--- DATA PROVIDED Enclosed Below ---

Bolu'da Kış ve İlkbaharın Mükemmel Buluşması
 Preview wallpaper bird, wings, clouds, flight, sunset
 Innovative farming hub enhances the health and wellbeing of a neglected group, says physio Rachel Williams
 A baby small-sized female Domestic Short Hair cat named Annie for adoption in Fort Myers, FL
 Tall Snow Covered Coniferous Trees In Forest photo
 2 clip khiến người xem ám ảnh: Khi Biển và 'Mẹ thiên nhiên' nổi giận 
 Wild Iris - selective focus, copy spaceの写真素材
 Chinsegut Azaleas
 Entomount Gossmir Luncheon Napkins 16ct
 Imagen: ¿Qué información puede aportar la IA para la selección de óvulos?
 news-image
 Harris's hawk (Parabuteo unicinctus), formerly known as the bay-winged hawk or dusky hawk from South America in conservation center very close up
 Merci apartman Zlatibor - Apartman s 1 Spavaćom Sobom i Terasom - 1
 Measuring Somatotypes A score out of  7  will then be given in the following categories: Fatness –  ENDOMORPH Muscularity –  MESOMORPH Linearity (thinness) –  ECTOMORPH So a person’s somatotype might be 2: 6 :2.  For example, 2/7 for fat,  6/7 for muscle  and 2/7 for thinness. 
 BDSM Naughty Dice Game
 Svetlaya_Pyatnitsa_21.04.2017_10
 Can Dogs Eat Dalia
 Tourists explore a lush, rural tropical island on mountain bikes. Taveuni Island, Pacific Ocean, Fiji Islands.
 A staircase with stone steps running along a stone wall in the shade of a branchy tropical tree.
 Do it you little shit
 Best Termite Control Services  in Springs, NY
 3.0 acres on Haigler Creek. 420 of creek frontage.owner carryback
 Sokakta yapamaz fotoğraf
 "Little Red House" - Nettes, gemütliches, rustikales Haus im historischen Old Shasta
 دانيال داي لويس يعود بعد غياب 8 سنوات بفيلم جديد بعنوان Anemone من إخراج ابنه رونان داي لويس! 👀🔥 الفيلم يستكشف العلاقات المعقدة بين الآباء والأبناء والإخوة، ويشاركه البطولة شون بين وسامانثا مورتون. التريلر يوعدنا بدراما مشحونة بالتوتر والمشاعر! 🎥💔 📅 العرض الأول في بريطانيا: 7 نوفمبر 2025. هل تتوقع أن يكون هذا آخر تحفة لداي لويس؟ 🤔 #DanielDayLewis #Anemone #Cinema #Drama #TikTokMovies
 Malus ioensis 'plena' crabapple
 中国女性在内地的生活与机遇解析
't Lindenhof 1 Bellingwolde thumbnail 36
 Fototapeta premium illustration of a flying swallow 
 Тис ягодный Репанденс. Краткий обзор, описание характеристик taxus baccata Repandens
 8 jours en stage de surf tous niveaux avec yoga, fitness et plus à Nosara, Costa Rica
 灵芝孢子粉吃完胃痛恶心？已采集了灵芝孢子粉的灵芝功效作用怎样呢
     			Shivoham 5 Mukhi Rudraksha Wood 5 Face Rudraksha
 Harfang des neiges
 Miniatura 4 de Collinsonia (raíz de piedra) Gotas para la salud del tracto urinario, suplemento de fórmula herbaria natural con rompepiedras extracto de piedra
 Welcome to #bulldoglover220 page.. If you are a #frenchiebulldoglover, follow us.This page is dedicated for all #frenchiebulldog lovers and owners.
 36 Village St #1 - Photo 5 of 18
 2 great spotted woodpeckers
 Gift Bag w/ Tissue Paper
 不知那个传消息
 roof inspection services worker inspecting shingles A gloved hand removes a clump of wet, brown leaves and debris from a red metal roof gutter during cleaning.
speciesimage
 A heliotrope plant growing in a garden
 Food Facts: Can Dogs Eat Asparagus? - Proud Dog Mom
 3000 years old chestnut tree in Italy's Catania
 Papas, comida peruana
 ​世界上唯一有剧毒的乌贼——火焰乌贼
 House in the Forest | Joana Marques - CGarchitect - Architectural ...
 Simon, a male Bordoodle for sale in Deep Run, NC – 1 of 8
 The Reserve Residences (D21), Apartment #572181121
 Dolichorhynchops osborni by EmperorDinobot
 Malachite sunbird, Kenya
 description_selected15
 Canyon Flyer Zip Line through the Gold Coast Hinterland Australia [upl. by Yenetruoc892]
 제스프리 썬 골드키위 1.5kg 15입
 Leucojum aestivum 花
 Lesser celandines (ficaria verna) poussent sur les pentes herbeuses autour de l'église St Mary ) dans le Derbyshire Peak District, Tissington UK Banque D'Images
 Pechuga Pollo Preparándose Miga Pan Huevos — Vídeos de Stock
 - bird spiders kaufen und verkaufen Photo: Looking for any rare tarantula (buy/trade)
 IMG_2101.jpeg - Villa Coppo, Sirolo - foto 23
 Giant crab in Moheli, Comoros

--- End of Enclosed DATA PROVIDED ---

WORK REQUEST: Write out, from the lines above, only those from the line with "Innovative farming hub" to the line with "Merci apartman Zlatibor", exactly as given, including the first and the last.

TASK RESULT:
 Innovative farming hub enhances the health and wellbeing of a neglected group, says physio Rachel Williams
 A baby small-sized female Domestic Short Hair cat named Annie for adoption in Fort Myers, FL
 Tall Snow Covered Coniferous Trees In Forest photo
 2 clip khiến người xem ám ảnh: Khi Biển và 'Mẹ thiên nhiên' nổi giận 
 Wild Iris - selective focus, copy spaceの写真素材
 Chinsegut Azaleas
 Entomount Gossmir Luncheon Napkins 16ct
 Imagen: ¿Qué información puede aportar la IA para la selección de óvulos?
 news-image
 Harris's hawk (Parabuteo unicinctus), formerly known as the bay-winged hawk or dusky hawk from South America in conservation center very close up
 Merci apartman Zlatibor - Apartman s 1 Spavaćom Sobom i Terasom - 1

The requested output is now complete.